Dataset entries
--

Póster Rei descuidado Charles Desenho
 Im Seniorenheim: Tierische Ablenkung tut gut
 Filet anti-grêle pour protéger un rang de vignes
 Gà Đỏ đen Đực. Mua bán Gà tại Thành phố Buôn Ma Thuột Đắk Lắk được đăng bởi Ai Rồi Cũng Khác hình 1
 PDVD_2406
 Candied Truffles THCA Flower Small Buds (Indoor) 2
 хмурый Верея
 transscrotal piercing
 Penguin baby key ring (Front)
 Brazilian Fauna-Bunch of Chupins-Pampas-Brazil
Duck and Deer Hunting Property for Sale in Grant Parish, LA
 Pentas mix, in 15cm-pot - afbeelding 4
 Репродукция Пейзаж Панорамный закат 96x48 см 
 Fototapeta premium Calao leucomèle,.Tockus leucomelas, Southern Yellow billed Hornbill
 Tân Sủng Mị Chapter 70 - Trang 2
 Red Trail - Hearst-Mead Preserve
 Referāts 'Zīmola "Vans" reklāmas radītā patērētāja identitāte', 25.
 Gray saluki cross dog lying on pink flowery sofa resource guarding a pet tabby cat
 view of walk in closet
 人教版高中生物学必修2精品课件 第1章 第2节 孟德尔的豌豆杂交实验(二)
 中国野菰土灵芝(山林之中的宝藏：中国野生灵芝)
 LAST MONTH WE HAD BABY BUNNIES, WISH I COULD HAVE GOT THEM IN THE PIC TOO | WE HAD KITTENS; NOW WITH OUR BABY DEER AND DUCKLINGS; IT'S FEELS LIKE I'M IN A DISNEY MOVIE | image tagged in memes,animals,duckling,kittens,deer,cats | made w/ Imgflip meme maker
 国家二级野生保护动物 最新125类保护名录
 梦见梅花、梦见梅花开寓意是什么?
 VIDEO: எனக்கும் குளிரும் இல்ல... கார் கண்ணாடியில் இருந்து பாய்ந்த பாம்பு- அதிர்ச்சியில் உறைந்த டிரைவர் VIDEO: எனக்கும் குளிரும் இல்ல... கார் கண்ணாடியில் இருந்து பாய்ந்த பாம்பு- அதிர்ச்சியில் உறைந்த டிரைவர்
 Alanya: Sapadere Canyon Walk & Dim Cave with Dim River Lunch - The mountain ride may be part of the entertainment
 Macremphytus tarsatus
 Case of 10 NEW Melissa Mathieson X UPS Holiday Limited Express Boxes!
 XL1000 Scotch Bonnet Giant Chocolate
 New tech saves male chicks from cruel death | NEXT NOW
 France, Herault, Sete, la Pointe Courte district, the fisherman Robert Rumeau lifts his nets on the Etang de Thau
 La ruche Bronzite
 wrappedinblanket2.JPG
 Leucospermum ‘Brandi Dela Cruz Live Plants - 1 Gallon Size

--

What the task requires:
Lines from the start of the records through the one containing "Candied Truffles THCA" are what should be retyped, exactly and in full, both ends included.

Finished exercise:
Póster Rei descuidado Charles Desenho
 Im Seniorenheim: Tierische Ablenkung tut gut
 Filet anti-grêle pour protéger un rang de vignes
 Gà Đỏ đen Đực. Mua bán Gà tại Thành phố Buôn Ma Thuột Đắk Lắk được đăng bởi Ai Rồi Cũng Khác hình 1
 PDVD_2406
 Candied Truffles THCA Flower Small Buds (Indoor) 2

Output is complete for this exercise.